It had been a great day—and there was nothing wrong with this particular night, either. The California moon hung like a gold medallion in the velvet sky, dappling the pool below with sequins. A breeze from the sea teased the olive trees on the terrace of the big house, which was dark because it was well past midnight. Before a wide glass expanse framing this view two very tired but extremely happy people, Alan Ladd and his wife Sue, lounged back on a love seat, silent and thoughtful.

They had been awake since six o’clock that morning, when Alan restlessly got down from his berth on the Santa Fe Chief to stare out the window, virtually counting the ties as he clicked toward home. He had practically wrestled the porter for the bags as the train finally stopped. When Sue protested, he grumbled, “You don’t want him to break his back, do you?” But it wasn’t only that, she knew. Her husband couldn’t wait to get his feet on home soil again.



He had raced up the ramp with Sue, Davy and Lonnie panting in his wake, expecting to find Carol Lee and Laddie at the top, of course, and Jerry with the family car. But when he rounded the turn into Union Station he couldn’t believe what he saw. There must have been sixty of them—all his best friends—down to meet him at the unlikely hour of eight A.M., some from as far away as San Diego, all yelling his name, swarming over him, pounding his back, hugging the kids, kissing Sue. That was when he lost his voice and his sight, too, as his eyes filled with the stuff a man is not supposed to show.

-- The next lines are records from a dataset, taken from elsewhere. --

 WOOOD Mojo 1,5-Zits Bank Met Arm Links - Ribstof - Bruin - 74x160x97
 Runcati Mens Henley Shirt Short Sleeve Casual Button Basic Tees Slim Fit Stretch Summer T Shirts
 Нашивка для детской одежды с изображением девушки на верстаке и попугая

“Come on,” he had finally choked. “Come on out to the house. This is what I’ve been wanting so long I could taste it. Let’s make it last.” And so they had—all of them—and throughout the day twice their number more, streaming in and out of the hilltop place with the wide open door. There were big stars like Bing Crosby and Van Heflin, shy characters like stunt men to wring his hand and say they were glad he was home.

Now they were all gone. The kids were long ago in dreamland, and Beret, the dachsie, snoozed on the rug. But the spell lingered. Alan wasn’t sleepy.

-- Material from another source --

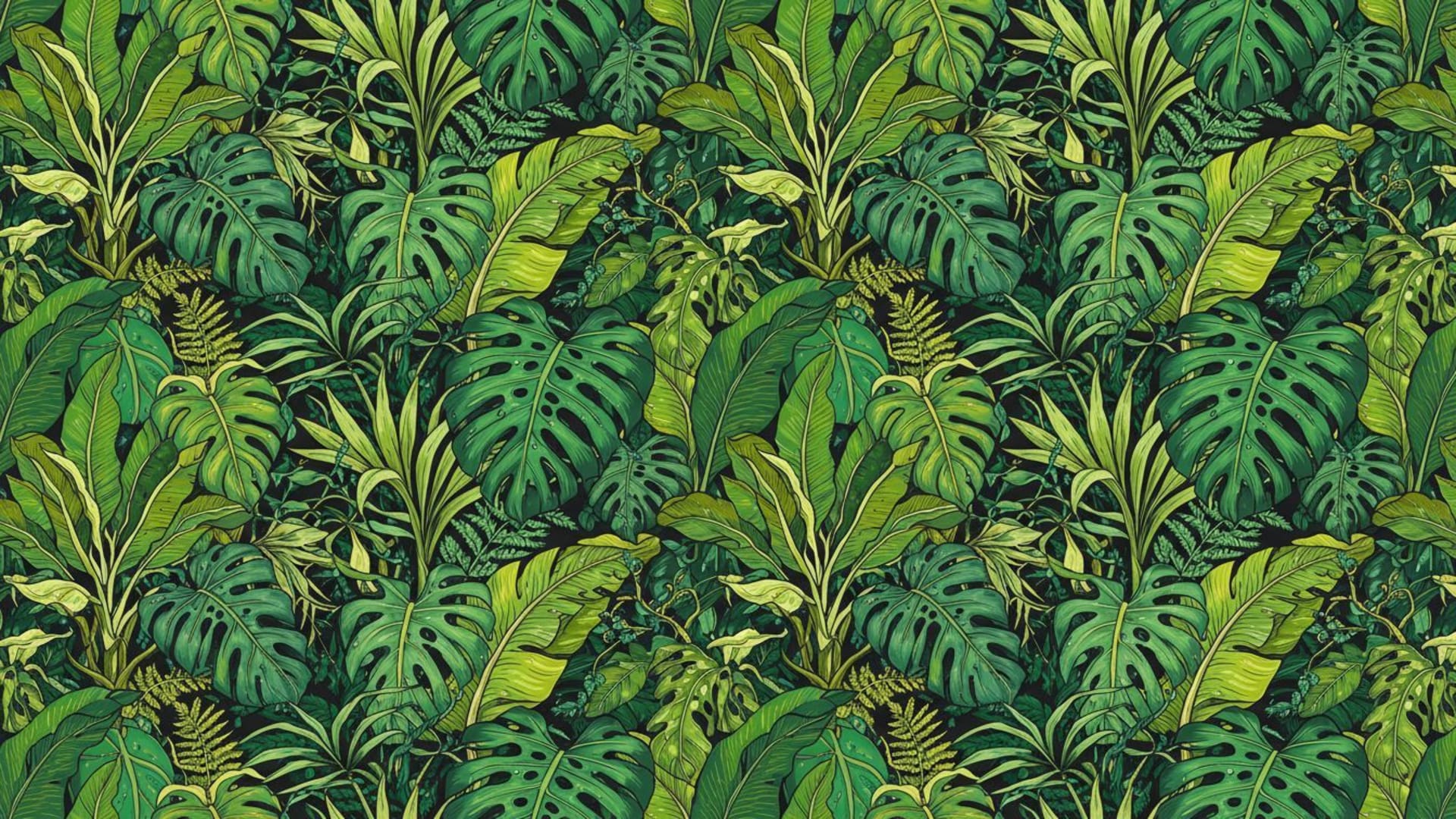 Forêt tropicale feuillage vert luxuriant jungle motif fond ecran botanique feuilles lianes surcroissance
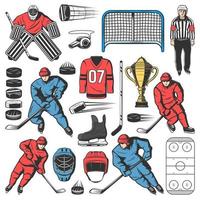 Ice hockey players outfit, team equipment vector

“Susie,” he said at last, “you know something? We’re just the two luckiest people in this whole wide world!”



As an actor, Alan is at the summit of a career he never dreamed could climb so high. Last year, he starred in Shane, one of Hollywood’s great pictures. Hollywood’s foreign press has elected him the most popular actor in the world and he collected the top star accolade in England where he was immortalized in wax at Tussaud’s Museum along with history’s great. In America Alan nestles securely near the top of all fan and box-office polls. At home Belle, his secretary, works furiously to keep up with mail which mounts out of control. Three Alan Ladd pictures are headlining theatres at this minute with two more on deck.



Privately, his picture is every bit as rosy. Alan could support his family comfortably if he never faced another camera. He doesn’t owe a penny to anyone. Besides his luxurious modern house, he owns a dream ranch free and clear with two ranch houses. He is raising horses and chickens and the sale of eggs is now starting to show a profit. He has healthy annuities almost paid up, and some blue-chip securities. Most valuable of all, he has Sue and their family—four wonderful children, Carol Lee, Alana, Laddie and David.

Alan Ladd has just treated this family to a fabulous excursion—a grand tour of Europe lasting almost two years, all expenses paid by his employers, only because he had been working. The Ladds couldn’t have a brighter outlook.

Yet the same night that Alan Ladd voiced his appreciation of all this an anxious frown furrowed his brow.

“Here I am back home,” he worried, “and I’m out of a job!”






Sue Ladd didn’t smile at that—maybe she should have. But she couldn’t, even though they were both aware of the twenty-seven scripts stacked in his den, the producers who’d kept the phone hopefully hot even that first day home, the contracts at Warners and Paramount still in force and The Covered Wagon that had been put off and off until he could make it. Sue didn’t smile because she knew—ridiculous or not—that worry was incurable with this strange, still unconvinced man. She remembered the first day he came to her agency office, after she’d caught him on a radio show and called him in. “Pictures?” he’d said, “Not me. I’m not the type for pictures.” She’d talked him into a try, fallen in love with him, ‘married him and helped him to the heights—but she’d never convinced him. Not she nor anyone else. No matter if he lived to a hundred, and won an Academy Award each year, Alan wouldn’t ever actually believe that he rates what has happened to him. “I’ve got no business being an actor,” he’d protested how many times? “I should be out somewhere shingling a roof.”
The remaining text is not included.